# Been Wanting to go late this week



## X-Shark (Oct 3, 2007)

All this rain looks like it would be a waste of time. Chocolate Mud water.


----------



## angus_cow_doctor (Apr 13, 2009)

It was chocolate even last saturday night. I bet it is moving on into a dark color of gray by now....


----------



## choppedliver (Apr 4, 2009)

And it aint gettin' any better


----------



## Shiznik (Feb 24, 2008)

Anybody had a look at the Intracoastal water? Bet its like a Yoohoo too huh?


----------



## choppedliver (Apr 4, 2009)

Was in escambia bay last saturday, spots were clear, most was not, that was after a short rain. Today its been pounding rain on and off as well as last few days. I imagine its pretty bad. Im not even going to waste the gas


----------



## Shiznik (Feb 24, 2008)

Same here. I was trying to figure out where some protected water would be but its not looking good over here either. 

Thanks!


----------



## FlounderAssassin (Sep 28, 2007)

Hopefully it will clear up some by the time i get home this time next week. been itching to go!


----------



## Death From Above (Sep 28, 2007)

Better that it's raining this weekend.

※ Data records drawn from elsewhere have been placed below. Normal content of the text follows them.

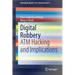 Digital Robbery: ATM Hacking and Implications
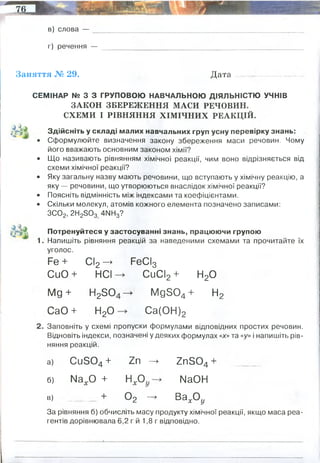 в) слова —
г) речення —
Заняття № 29. Д ата...........-.....................
СЕМІНАР № З З ГРУПОВОЮ НАВЧАЛЬНОЮ ДІЯЛЬНІСТЮ УЧНІВ
ЗАКОН ЗБЕРЕЖЕННЯ МАСИ РЕЧОВИН.
СХЕМИ І РІВНЯННЯ ХІМІЧНИХ РЕАКЦІЙ.
Й і Здійсніть у складі малих навчальних груп усну перевірку знань:
• Сформулюйте визначення закону збереження маси речовин. Чому
його вважають основним законом хімії?
• Що називають рівнянням хімічної реакції, чим воно відрізняється від
схеми хімічної реакції?
• Яку загальну назву мають речовини, що вступають у хімічну реакцію, а
яку — речовини, що утворюються внаслідок хімічної реакції?
• Поясніть відмінність між індексами та коефіцієнтами.
• Скільки молекул, атомів кожного елемента позначено записами:
ЗС02, 2Н25 0 3 4МН3?
^ 3% Потренуйтеся у застосуванні знань, працюючи групою
1. Напишіть рівняння реакцій за наведеними схемами та прочитайте їх
РеСІ3
СиСІ2 + Н20
-» М д 8 0 4 + Н 2
С а ( О Н ) 2
Заповніть у схемі пропуски формулами в ід п о в ід н и х простих речовин.
В ід н о в іт ь індекси, позначені у деяких формулах «х» та «у» і напишіть рів­
няння реакцій.
а) С и 8 0 4 + Z n —» Z n S 0 4 + ______
б) М а х О + Н х О ІЧ а О Н
■» _____ + 0 2 — в а х0 9
За рівняння б) обчисліть масу продукту хімічної реакції, якщо маса реа­
гентів дорівнювала 6,2 г й 1,8 г відповідно.
уголос.
Р е + С І2 - >
С и О + н е ї
М д + Н 25 0
С а О + Н 20
хімічні формули
рівняння реакції
6,2+1,8=8 (грам) - це стільки продукт
 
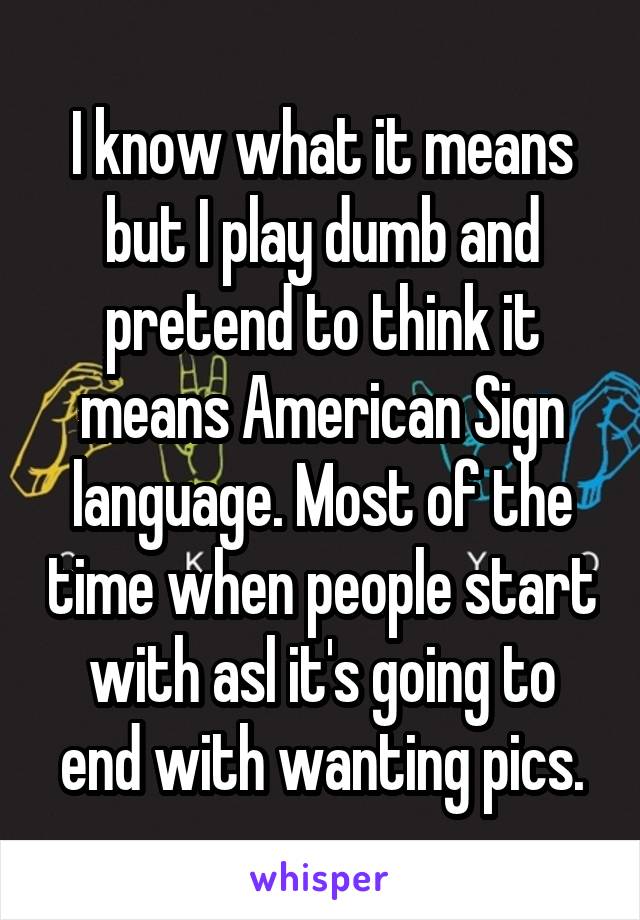 I know what it means but I play dumb and pretend to think it means American Sign language. Most of the time when people start with asl it's going to end with wanting pics.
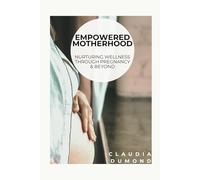 Empowered Motherhood: Nurturing Wellness Through Pregnancy And Beyond
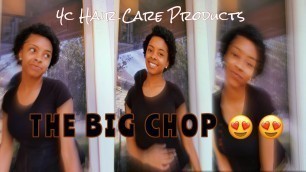 THE BIG CHOP on 4c hair + Updated hair care products ! Watch the end to see how long it’s grown !!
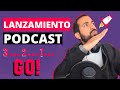 Cómo LANZAR un PODCAST 🚀 [ 7 PASOS ]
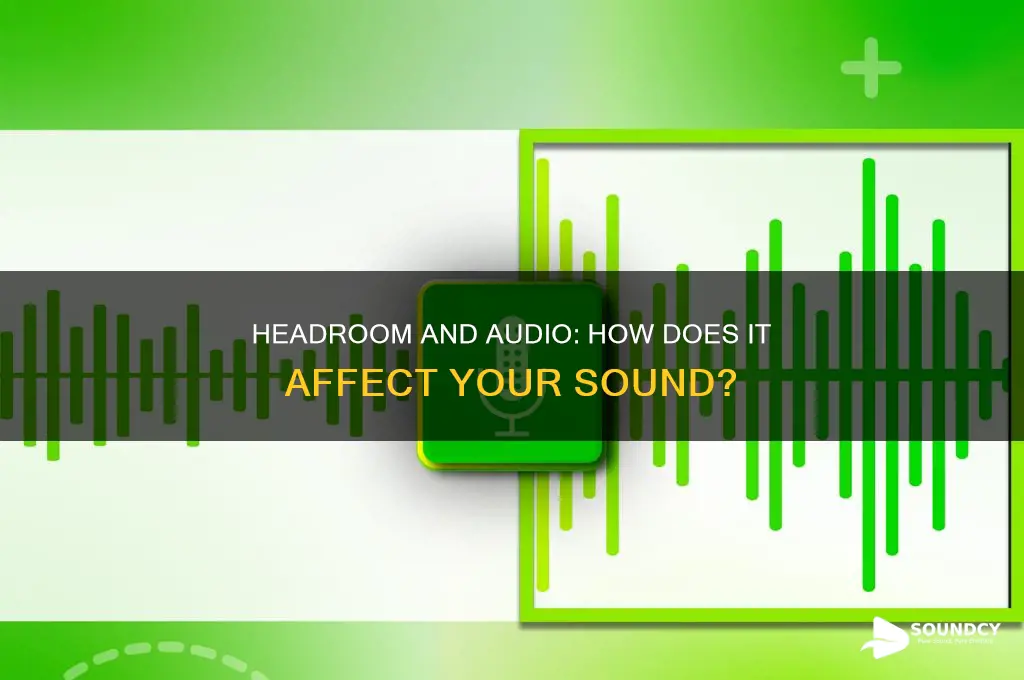 does head room really affect sound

Tides suck.


----------



## X-Shark (Oct 3, 2007)

Decided to give it a try last night.



Stuck 4 Flounder & 2 Mullet.



Nothing big at all, in fact there were tons of little ones.


----------



## bottomfeeder (Aug 6, 2009)

not a bad haul especially with the weather weve had:clap


----------



## Murphy's Law (Sep 27, 2007)

Good job Bobby :clap


----------



## FlounderAssassin (Sep 28, 2007)

Not a bad haul there bobby!


----------



## stickmyshare (Jun 11, 2008)

i went out last night also...waterwasn't too bad, and all the boats were rod and reelers. no dodging other boats, so it was pretty enjoyable.


----------